Janaagraha
Janaagraha
BUILDING THE HR INFRASTRUCTURE OF OUR CITIES
BUILDING THE HR INFRASTRUCTURE OF OUR CITIES
In a recent interaction with representatives of urban development from Punjab, I asked about the capital expenditure being taken up in the state’s larger cities like Amritsar and Patiala. The answer was a surprisingly meagre Rs 20 - 25 crores annually. To put this figure in perspective, per-capita capital investment for urban infrastructure in India is estimated at about Rs 50,000, which means a city with a population of 10 lakhs will need to invest around Rs. 5,000 crores for an acceptable quality of life for its residents. For Punjab’s larger cities, assuming this is done over a ten year period, this will require a twenty-fold increase from current spending levels.
Over the next six years, the Jawaharlal Nehru National Urban Renewal Mission (JNNURM) will give Rs 50,000 crores to 63 cities, as part funding for a total outlay of Rs 100,000 crores for urban infrastructure development. Unprecedented in the country’s history, these investments signal a welcome change in public policy, and are a long-overdue acknowledgement of urban India’s legitimate requirements. It seems that some of Amritsar’s funding issues will be addressed through JNNURM.
However, one troubling question is the ability of our cities to actually absorb these vast sums of money, and implement large-scale urban infrastructure projects. The past decades have created emaciated municipalities, fed on a starvation diet of funds, generating appallingly poor quality urban assets. While it was high time that these trickles of finance changed, the transition from feeding on drips to gushers will expose the deep gaps in our urban management systems.

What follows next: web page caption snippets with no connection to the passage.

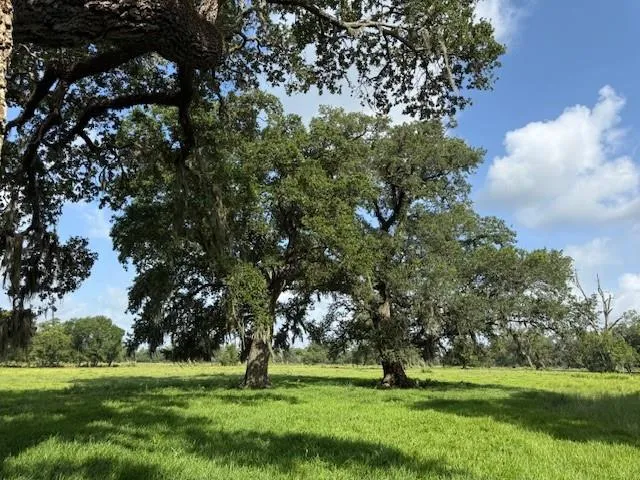 County Road 153 Sims Ave Road Cedar Lane, TX 77415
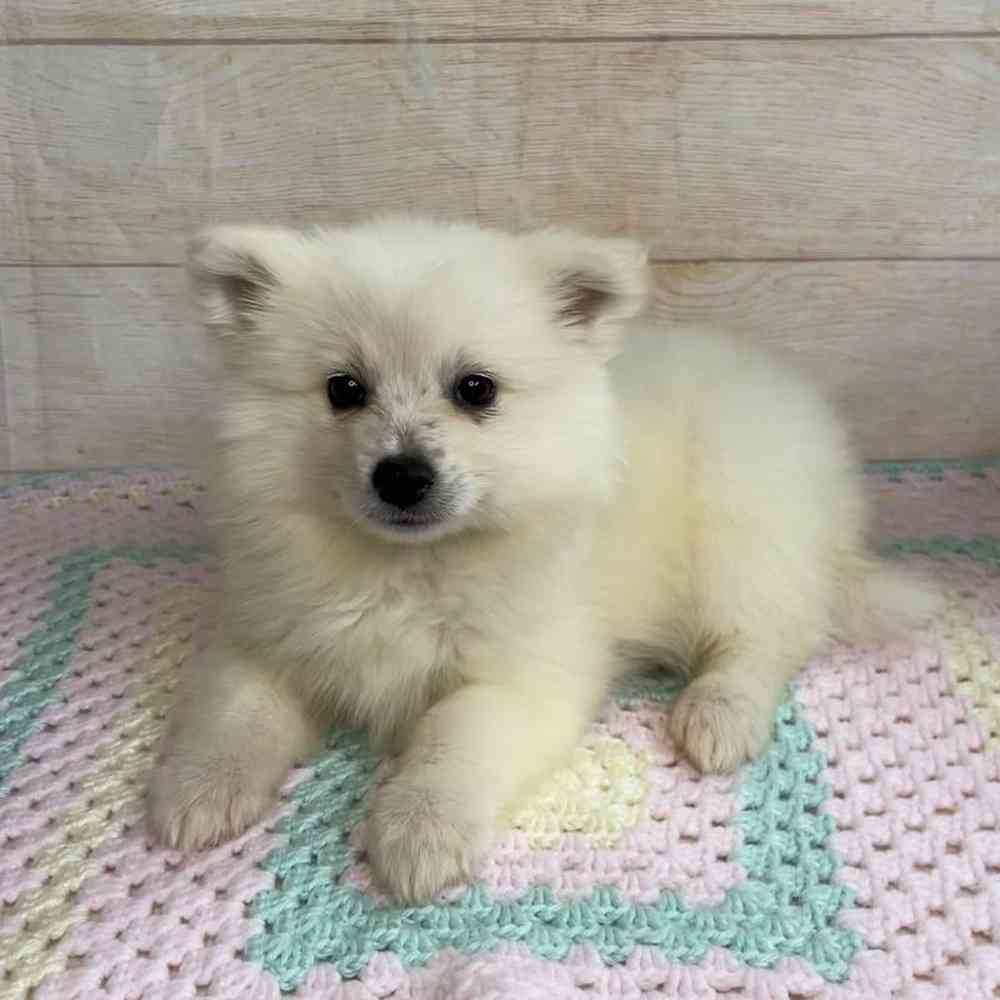 Image of a pet breed in the gallery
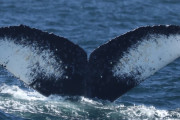 【海外】ザ・クジラソング、倍増中！食べ物増えてるからね♪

An Asian Development Bank assessment of Uttaranchal’s urban situation stated, “Inadequate urban institutional and financial frameworks and capacities are the major cause of the prevailing poor conditions in urban service delivery. (Cities) cannot effectively perform their duties as they generally lack the required skills, appropriate management tools, and efficient working culture.”

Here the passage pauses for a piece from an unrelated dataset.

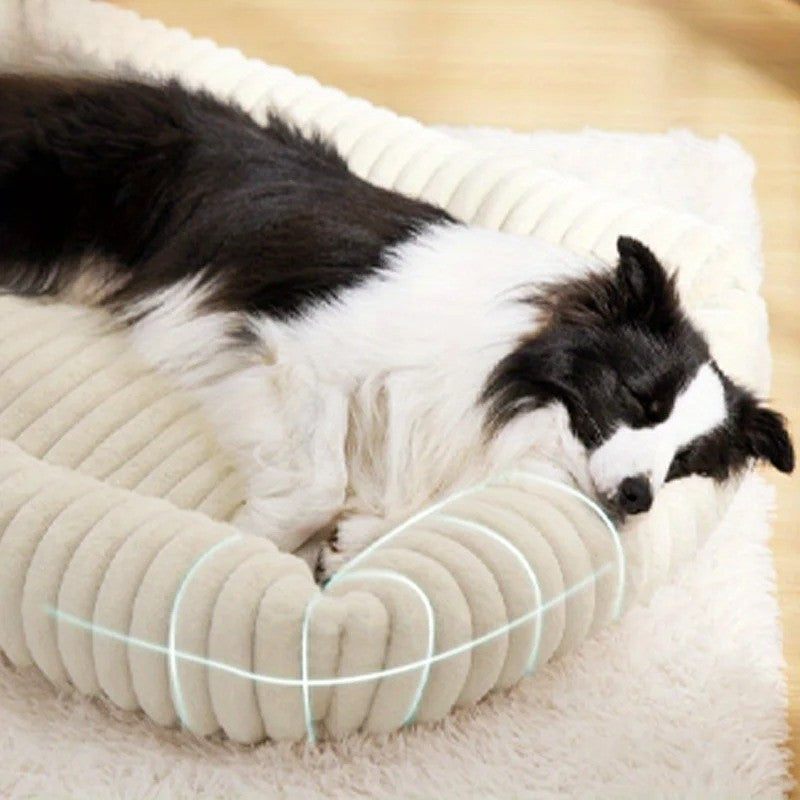 Canapé chien orthopédique mophologie
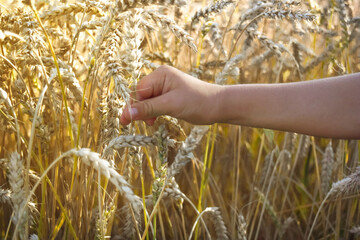 wheat ears in the child's hand. Golden ripe wheat field, Sunny day, soft focus, growing crops, concept of the harvest season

This is a classic challenge of decentralisation. As more functions are being devolved to local governments, there are the associated problems of capacity on many fronts – governance, financial management, project management skills to create urban infrastructure, and operational capacity to manage these assets.
A report on decentralisation and urban infrastructure by Harvard University for the United Nations stated, “ (While) decentralisation has usually led to increases in public expenditures on infrastructure.…lack of capacity at the local level has emerged as the single most critical constraint impeding program performance and udermining the sustainability of achievements.”
Understanding these capacity constraints needs to begin with getting a handle on the reality of staffing patterns in our cities. Consider the data on urban employees in Karnataka state in the table.
Urban staff in Karnataka is disproportionately concentrated in the lowest skill grade -- Group D staff account for 75% of the total, while Group A are less than 1%. Other challenges include the significant number of vacancies, poor qualifications and mismatch of skills, especially in technical areas. Because there had been no recruitment of Grade B officers since 1982, a 1992 Government Order allowed municipal employees to be promoted to the state cadre without meeting any basic qualifications. As a result, 109 cities are headed by promotee officers who have insufficient qualifications to carry out their tasks; some do not even possess a college degree. These are the same people who will have to head their administrations, managing hundreds of crores of urban infrastructure projects.
While the appointment of IAS officials often brings capacity and professionalism to cities, this structure also directs the accountability of these officials upward rather than toward local politicians or citizens. Local politicians have very limited ability to hold appointed municipal officials accountable, which in turn limits citizens’ ability to hold local politicians accountable.
Even the oft-cited solution of outsourcing key municipal functions is tough to undertake if cities don’t have the skills to enter into contracts, enforce service level agreements and demand accountability from private service providers. The same ADB report on Uttaranchal says, “Capacity constraints coupled with a lack of an enabling framework also impact on the ability to outsource urban service delivery to the private sector.”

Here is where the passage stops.